• Your assignment: Using the data below, return word for word every line from the one holding "Felpa con cappuccio" down to the one holding "Poster surreal abstract". Leave pictures out.

*** Extracted material

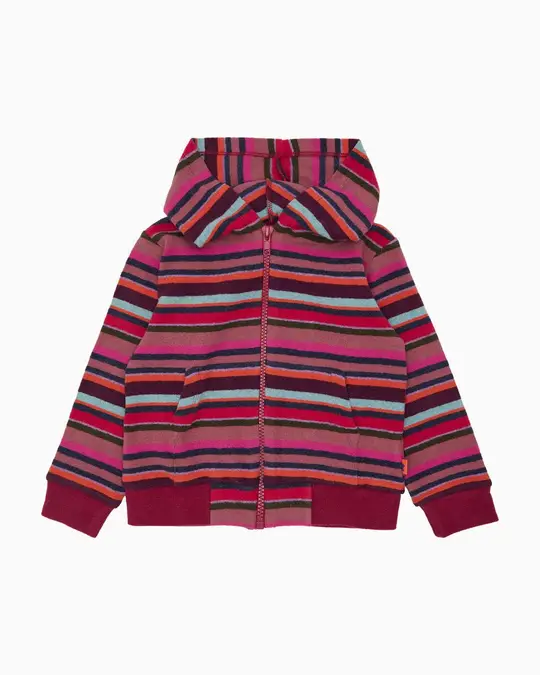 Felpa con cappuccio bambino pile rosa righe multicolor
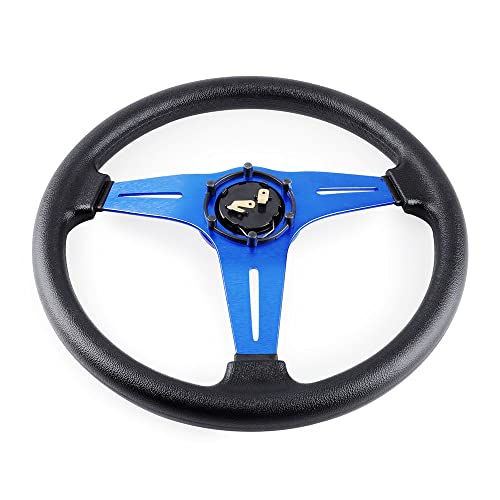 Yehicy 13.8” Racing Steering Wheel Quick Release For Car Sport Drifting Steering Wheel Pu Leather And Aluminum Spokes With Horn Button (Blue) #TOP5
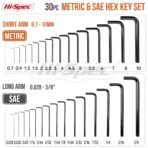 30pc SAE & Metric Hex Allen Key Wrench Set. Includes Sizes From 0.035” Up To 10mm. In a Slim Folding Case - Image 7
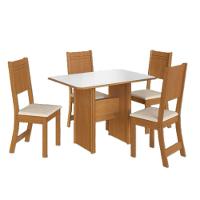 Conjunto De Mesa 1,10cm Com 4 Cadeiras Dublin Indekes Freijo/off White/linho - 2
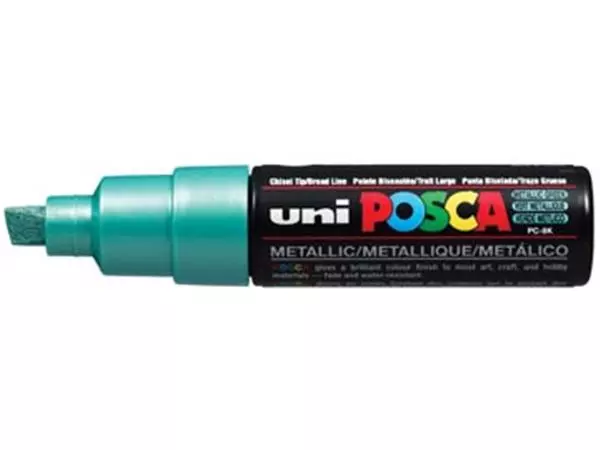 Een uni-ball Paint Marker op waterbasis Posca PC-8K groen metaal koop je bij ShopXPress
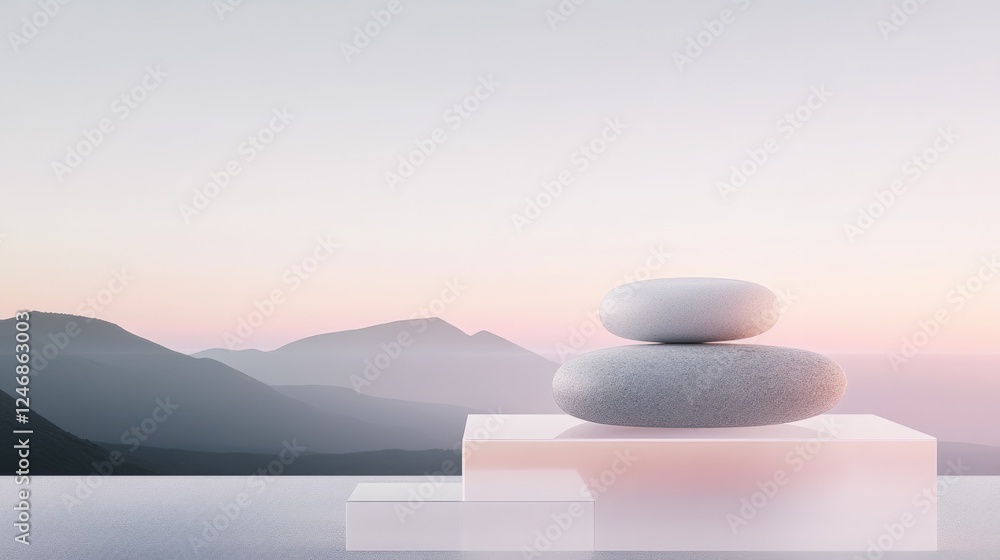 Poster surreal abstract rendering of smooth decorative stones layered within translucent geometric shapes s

******
*** Extracted material

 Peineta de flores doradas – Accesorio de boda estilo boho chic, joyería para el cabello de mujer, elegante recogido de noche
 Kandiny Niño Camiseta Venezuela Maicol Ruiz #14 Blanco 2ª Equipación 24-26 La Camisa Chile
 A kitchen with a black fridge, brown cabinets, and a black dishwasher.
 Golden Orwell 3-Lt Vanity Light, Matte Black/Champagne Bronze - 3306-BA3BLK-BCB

******

• Answer space:
 Felpa con cappuccio bambino pile rosa righe multicolor
 Yehicy 13.8” Racing Steering Wheel Quick Release For Car Sport Drifting Steering Wheel Pu Leather And Aluminum Spokes With Horn Button (Blue) #TOP5
 30pc SAE & Metric Hex Allen Key Wrench Set. Includes Sizes From 0.035” Up To 10mm. In a Slim Folding Case - Image 7
 Conjunto De Mesa 1,10cm Com 4 Cadeiras Dublin Indekes Freijo/off White/linho - 2
 Een uni-ball Paint Marker op waterbasis Posca PC-8K groen metaal koop je bij ShopXPress
 Poster surreal abstract rendering of smooth decorative stones layered within translucent geometric shapes s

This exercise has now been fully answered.